Collin Koh’s “Asean can no longer afford to be subtle over the South China Sea” (July 4) is a rather bold piece for a Singaporean academic in that it criticises Asean’s very modus operandi, and Singapore is a core and driving member of the group.
I agree with the criticism, but the Association of Southeast Asian Nations is unlikely to change how it does business. Indeed, its accommodation of all views is what makes and keeps Asean whole, and it would lose what influence it has and perhaps even disintegrate without doing so.
As Koh observes, Asean’s opinion has not had an “ameliorating effect” on China’s behaviour. But he neglects to mention that it also has not had that effect on US behaviour either – and that is also a concern for some Asean states, including Singapore.

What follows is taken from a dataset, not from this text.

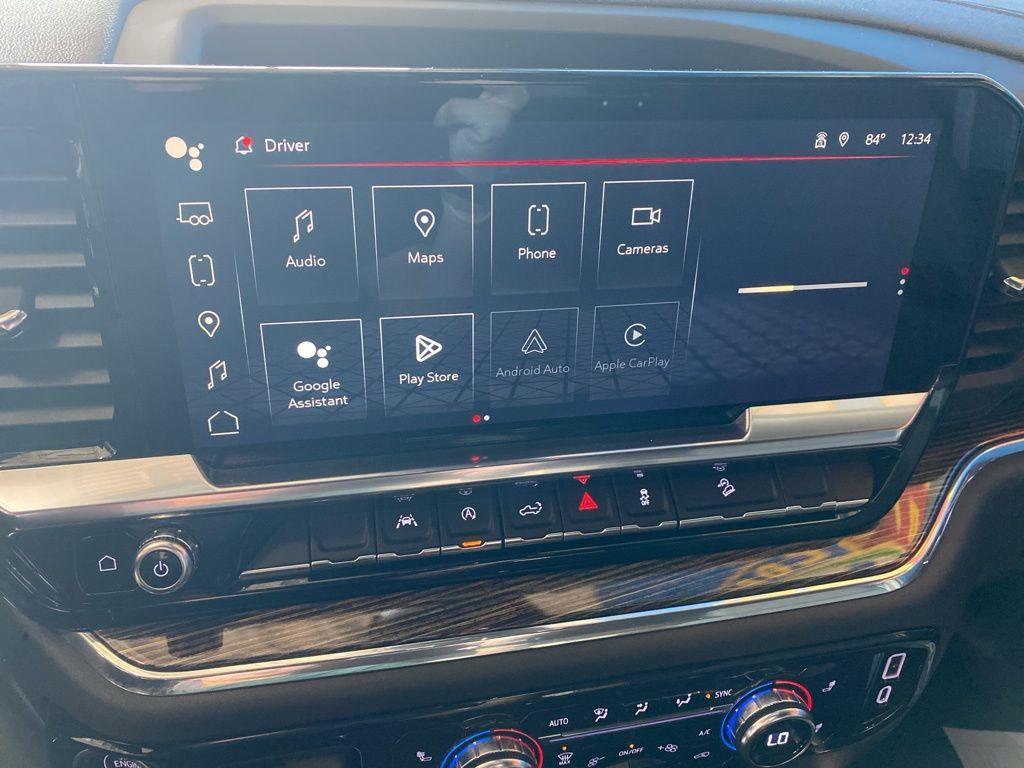 used 2023 GMC Sierra 1500 car, priced at $45,999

At the 2019 Shangri-La Dialogue, Singaporean Prime Minister Lee Hsien Loong challenged both the United States and China to do better to preserve the multilateral order, calling on the US to make the difficult but necessary adjustments to China’s rise and aspirations and exhorting China to “convince other countries through its actions that it does not take a transactional and mercantilist approach”.
As Singapore’s Defence Minister Ng Eng Hen put it, the challenge for both the US and China is “to offer that inclusive and overarching moral justification for acceptance by all countries, big and small, of their dominance beyond military might.” If their policies are lopsided against other countries’ interests, these countries will “seek other partners”.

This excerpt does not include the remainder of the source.